> _Work required_:
Apart from the pictures, every line below needs to be reproduced verbatim.
━━━
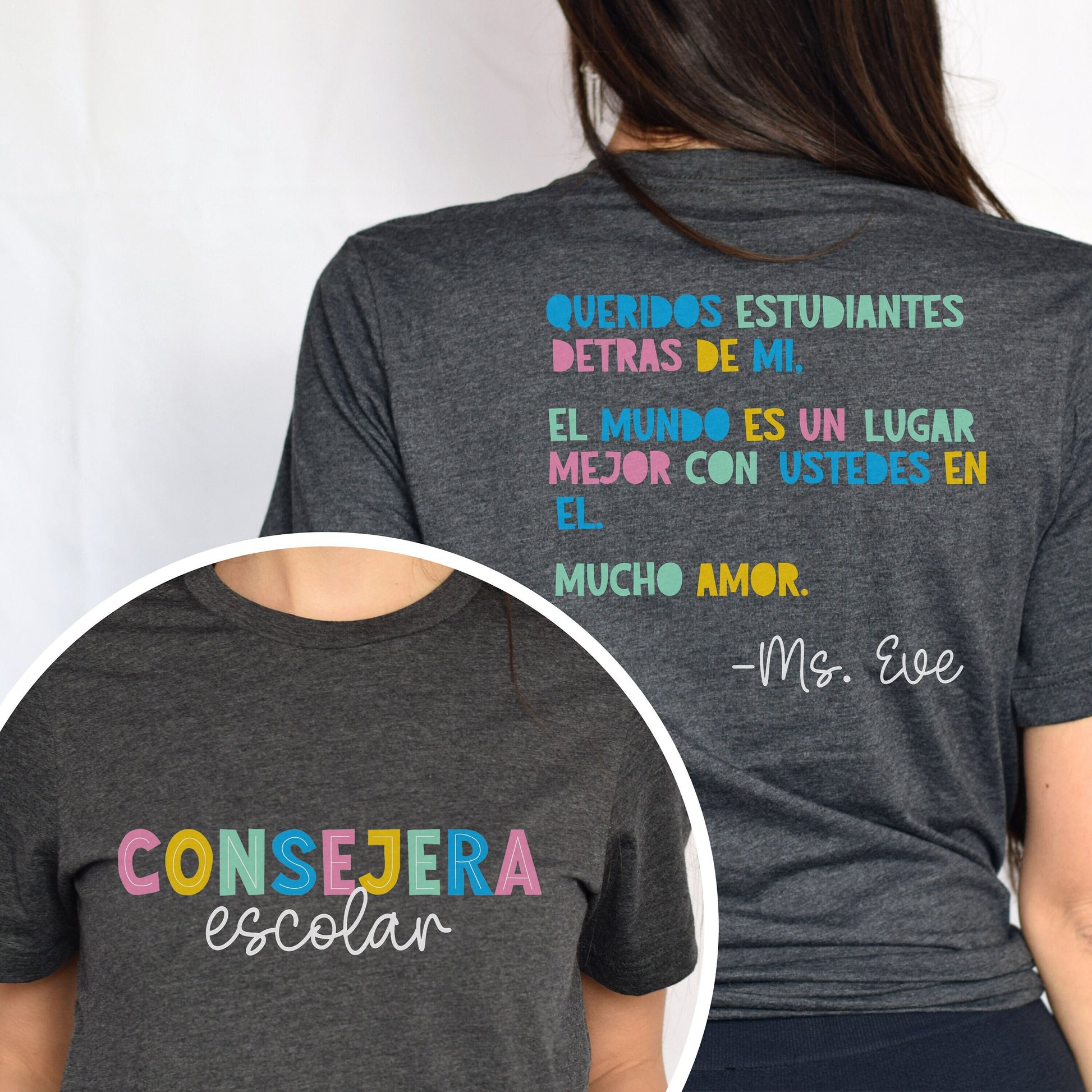 Consejera Escolar, School Counselor Tee, Guidance Counselor Shirt, School Counselor Gift, Consejera Escolar Gift, Regalo Para Consejera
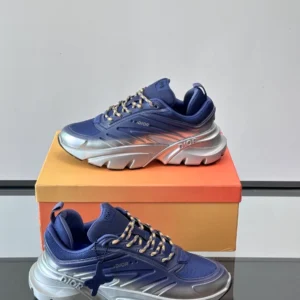 Dior B44 Blade Sneaker Gradient Blue and Silver-Tone - DS164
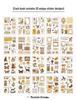 Infeel.Me Island Mountain Wind Series Sticker Book: DIY Journal Decoration - 4 Designs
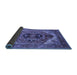 Sideview of Persian Blue Traditional Rug, urb2632blu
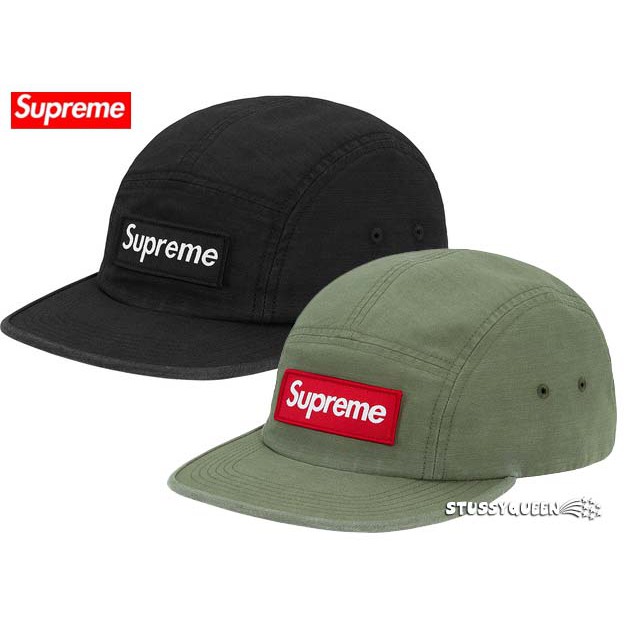 全新正品2020 SS 春夏現貨Supreme Military Camp Cap Box 立體貼布五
━━━
> _Result for this task_:
 Consejera Escolar, School Counselor Tee, Guidance Counselor Shirt, School Counselor Gift, Consejera Escolar Gift, Regalo Para Consejera
 Dior B44 Blade Sneaker Gradient Blue and Silver-Tone - DS164
 Infeel.Me Island Mountain Wind Series Sticker Book: DIY Journal Decoration - 4 Designs
 Sideview of Persian Blue Traditional Rug, urb2632blu
 全新正品2020 SS 春夏現貨Supreme Military Camp Cap Box 立體貼布五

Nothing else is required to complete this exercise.